At oral argument, Justice Samuel Alito asked Harvard’s lawyer to explain why Asians are being admitted at numbers much lower than what they would be admitted otherwise. Either Asians, as a group, do indeed have worse social skills (a factor that the colleges claim is also considered in admissions), or the school is discriminating against them. Harvard’s lawyer had no answer to that, simply insisting over and over again that there’s no discrimination against Asians at the elite school.
Justice Clarence Thomas drilled right to the heart of the issue by asking one of the lawyers defending the University of North Carolina, “If this case had been brought against a school in 1960 that was discriminating against black students on the basis that segregation yielded educational benefits, would we have deferred to that judgment?”
The lawyer had to concede that, of course, the court would not.
Apparently, racial justice only applies if it benefits certain groups approved as being in need of such policies by leftwing political narratives.
Justice Sonia Sotomayor loudly disagreed with Justice Thomas, arguing several times that past race-based policies caused the disparities that persist today and that, accordingly, we must turn those race-based policies around to fix those disparities. In other words, it’s okay to use racism to combat racism.
Justice Ketanji Brown Jackson’s opinion only applied to the North Carolina case since she was recused from the Harvard case because of a past affiliation with the university.

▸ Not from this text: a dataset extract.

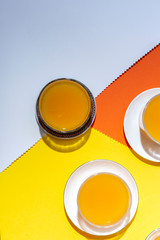  orange juice from above on colored backgrounds.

Jackson argued that she simply doubted that there was any discrimination against Asians at all. How could we conclude that, she wondered, when the admissions policy is holistic and considers more than 40 factors?
My question is why do we even apply labels in the first place, or consider any factors other than merit? Is it not racist to consider a student to be anything other than a student? The very labeling, and therefore the application of affirmative action policies that catagorizes a student as Asian or black or Hispanic or white, rather than simply a student, is racist…isn’t it? True “equality” would be to judge each student based on merit, without any other factors imposed; especially those associated with race, ethnicity, or cultural background.
How do such arbitrary labels, Alito wondered, produce any sort of actual diversity? The schools’ defenders said that race informs who people are, at least to some extent.
Thomas asked the lawyers to clarify the link between racial diversity and these “educational benefits,” but no clear answer was forthcoming.
Since the change in policy thanks to the courts, universities now will begin using “diversity scores,” which is just a play with words that puts them in position to continue to use racist policies for admissions, but with a change in the language so that the policies are not so obviously racist.
The problem is, the new practices are still a violation. The Fourteenth Amendment says that all persons must be treated with an “equal protection of the laws,” which means racism or privileged treatment may not be applied, even if the application is being done in the name of social justice.